Janet L. Yellen, chair of the U.S. Federal Reserve, speaks during a news conference following a Federal Open Market Committee (FOMC) meeting in Washington June 14. (Andrew Harrer/Bloomberg News)

The Fed’s decision to continue hiking interest rates from the ultralow levels they were at during and after the financial crisis might seem like a no-brainer. Interest rates are low by historical standards. And except for a few recent hiccups, the U.S. economy appears to be humming along, with stronger global growth laying a smooth path for its future.

Yet the Fed’s decision to raise its benchmark interest rate by a quarter point on Wednesday was, for the first time in a long time, met with some dissent. After years of being criticized by those on the right for keeping interest rates too low, Fed chair Janet L. Yellen is finally seeing criticism, much of it from the more dovish left, for pushing rates too high.

The Fed is charged with balancing two basic responsibilities. On one hand, it needs to ensure interest rates are low enough that the labor market is strong and almost all Americans who want a job can find one. On the other, it needs to make sure that rates are high enough to restrain rapid increases in prices, which can have a devastating effect on savers, creditors and the economy.

The current economy, however, presents something of a puzzle. The jobs market looks solid. The unemployment rate fell to a 16-year low in May — a suggestion that the Fed has fulfilled the first part of its goal, jobs, and should shift its focus to the second, restraining inflation. Yet measures of price growth remain stubbornly below the level that the Fed targets.

Some economists argue that inflation is just lagging, and will rear its head soon. They believe that the Fed should act now — because if it doesn't, it might have to raise interest rates more quickly later to offset inflation, and that could be far more damaging to the economy. They also point out that hiking rates now gives the Fed more space to cut rates later to stimulate the economy in case of a downturn.

Yet others believe the time just hasn’t come to raise interest rates.

On Friday, Neel Kashkari, the president of the Minneapolis Fed and a former Republican candidate for governor of California, took the somewhat nontraditional step of publishing remarks online about why he had voted against the rest of his colleagues and the interest rate hike, for the second time in just three months. In a post on Medium, he argued that inflation remains much lower than the Fed’s target, and that it doesn’t show signs of picking up much soon.

That also was the position of a left-leaning group called Fed Up, which on Monday assembled protesters in three cities to urge the Fed to delay its rate hike and more fundamentally rethink the way it sets its policy. The group argued that by raising interest rates and thus the cost of borrowing, the Fed’s rate hike would end up hurting disadvantaged workers, especially African Americans, Hispanics and rural residents.

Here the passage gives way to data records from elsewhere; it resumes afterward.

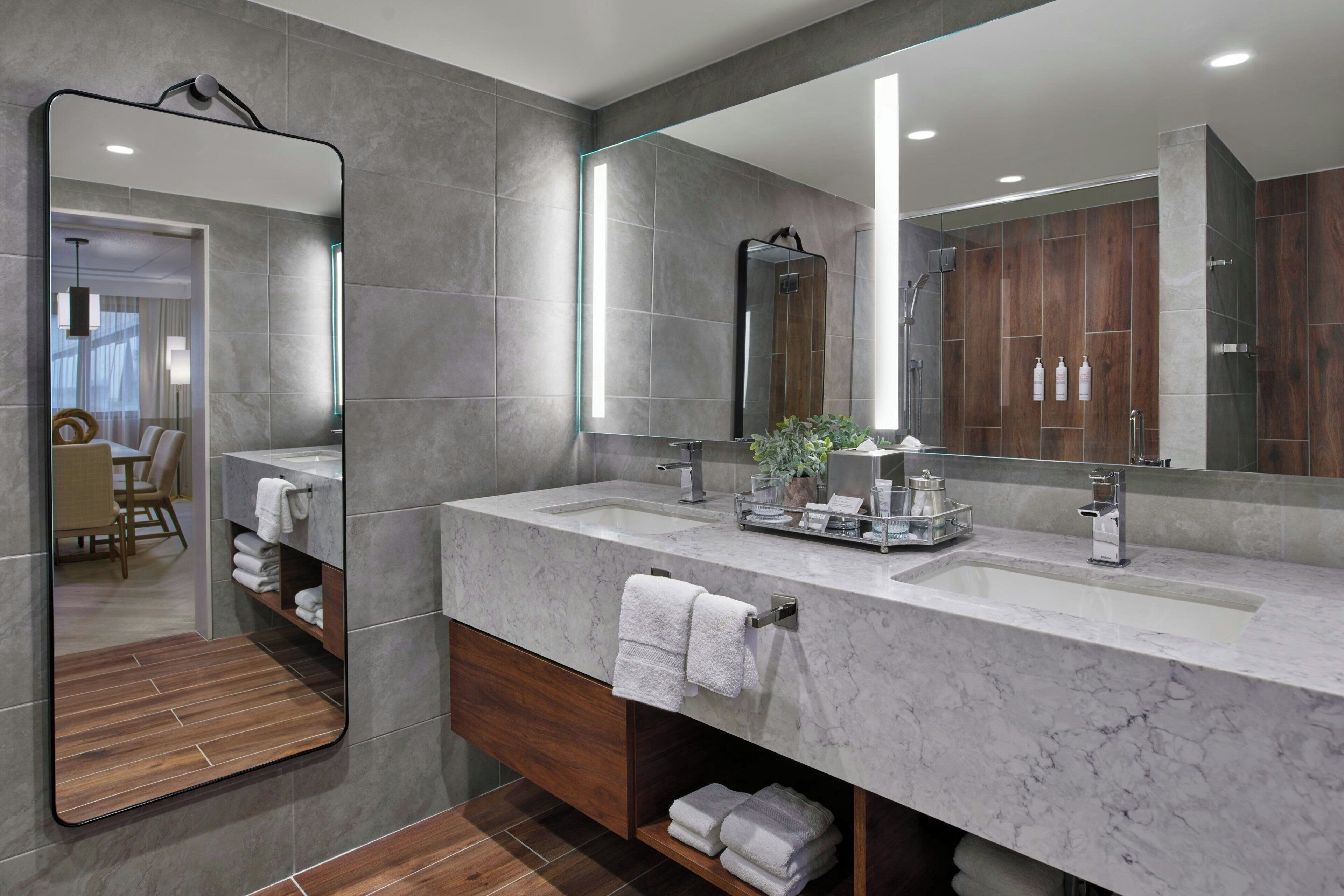 A modern bathroom with a large mirror, two sinks, and a vanity with shelves for towels.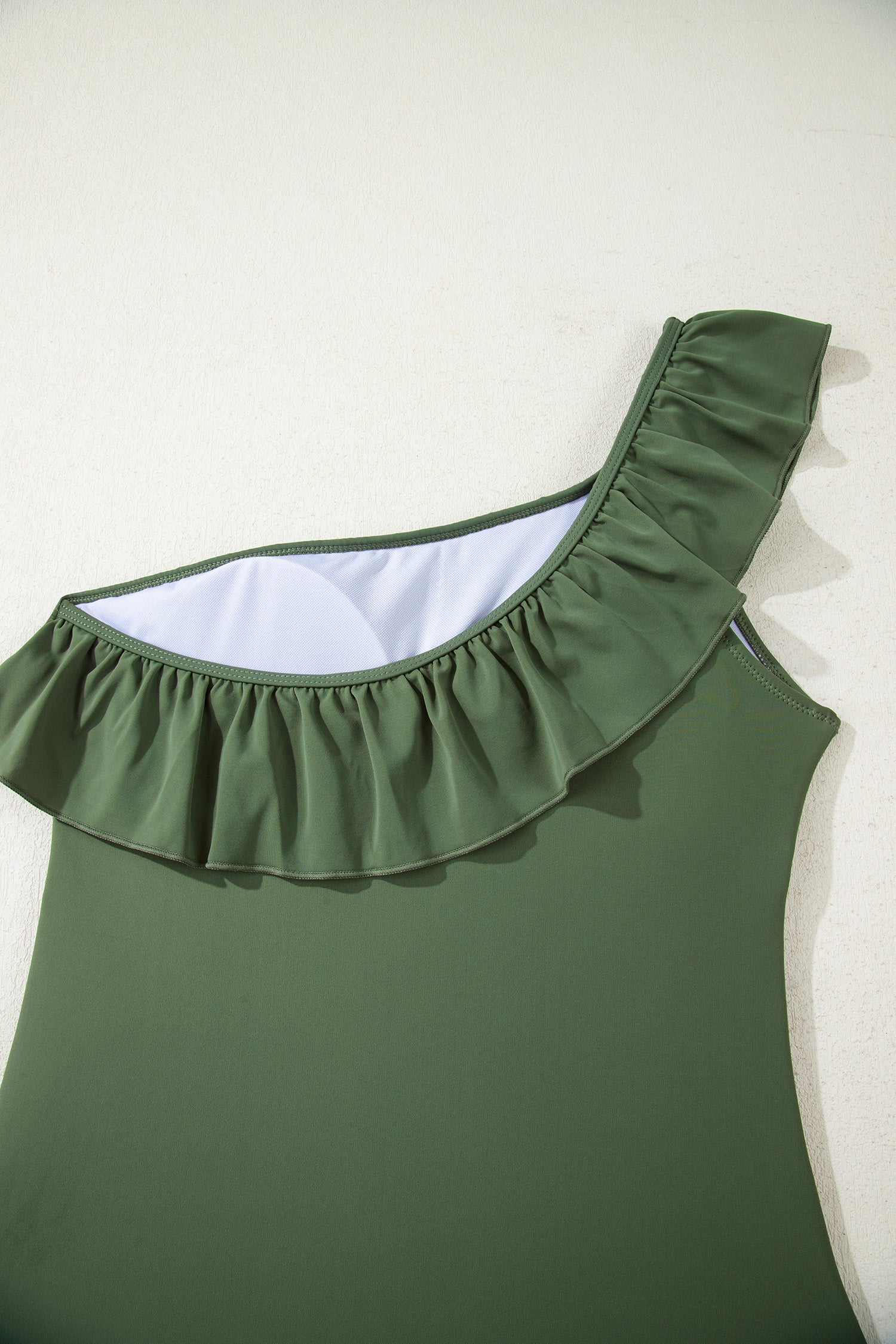 Skobeloff Solid Color Ruffle Trim Asymmetric Neck One Piece Swimsuit
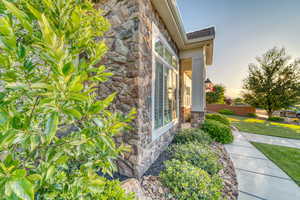 View of side of home featuring stone siding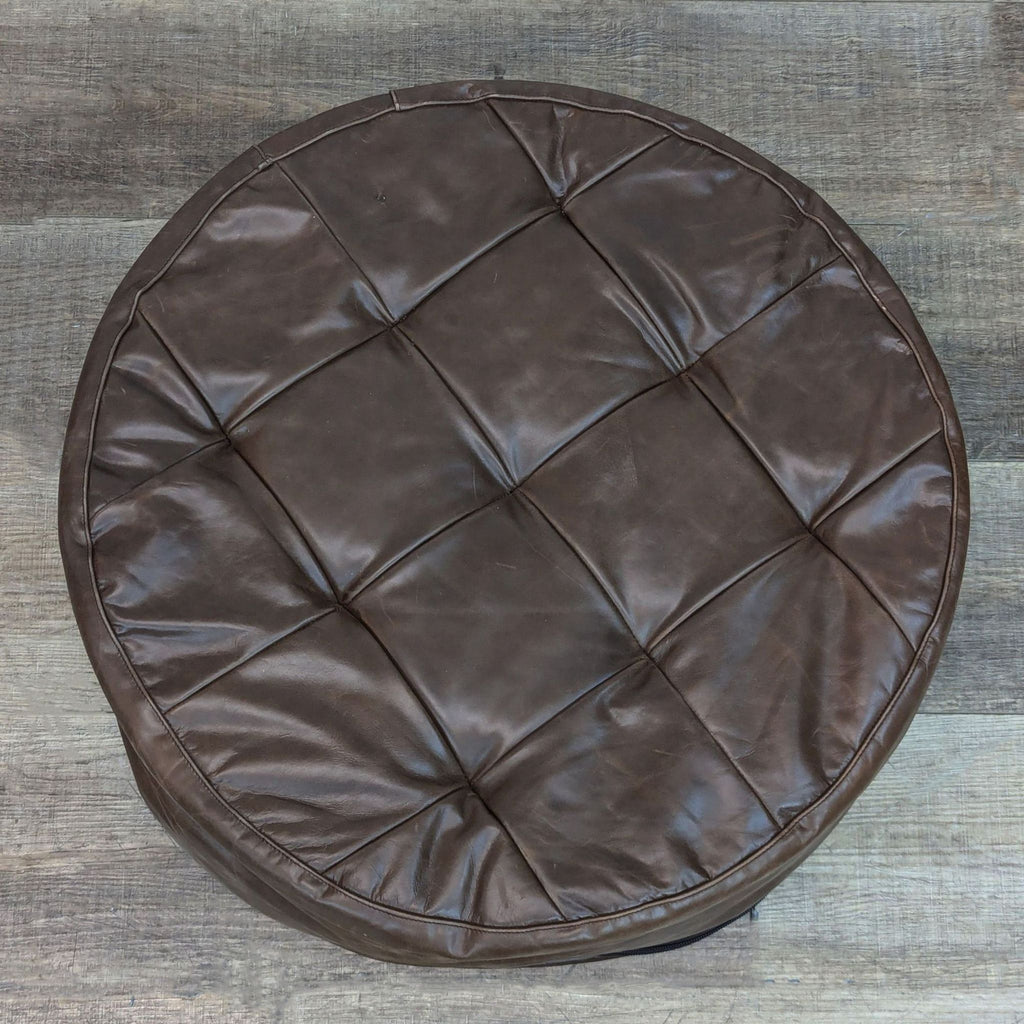 Top view of a quilted leather ottoman on wooden surface.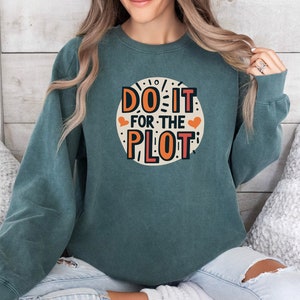 May include: Teal blue sweatshirt with a white circle graphic that says "Do It For The Plot" in orange and black lettering with two small red hearts.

Josh Bivens, director of research at the left-leaning Economic Policy Institute, called Wednesday’s rate hike “a clear mistake.”

“Today’s decision seems to indicate that the Fed is on autopilot to raise rates, regardless of what the data argue,” he wrote in a note. “This will lead quite soon to a pronounced slowdown in economic activity and job growth, and could essentially mean that we never manage to achieve genuine full employment or give American workers a real chance at sustained, durable wage growth.”

It's unusual criticism for Janet L. Yellen, a labor economist by training who has sometimes been criticized — including by Congressional Republicans and President Trump, at least before he came into office — for keeping interest rates too low.

When asked what she thought about the president’s characterization of herself as a “low-rate person” in Wednesday’s news conference, Yellen replied, “Well, I have felt that it's been appropriate for interest rates to remain low for a very long time. … I thought it was necessary to support the economy at that time and was strongly in favor of those policies.”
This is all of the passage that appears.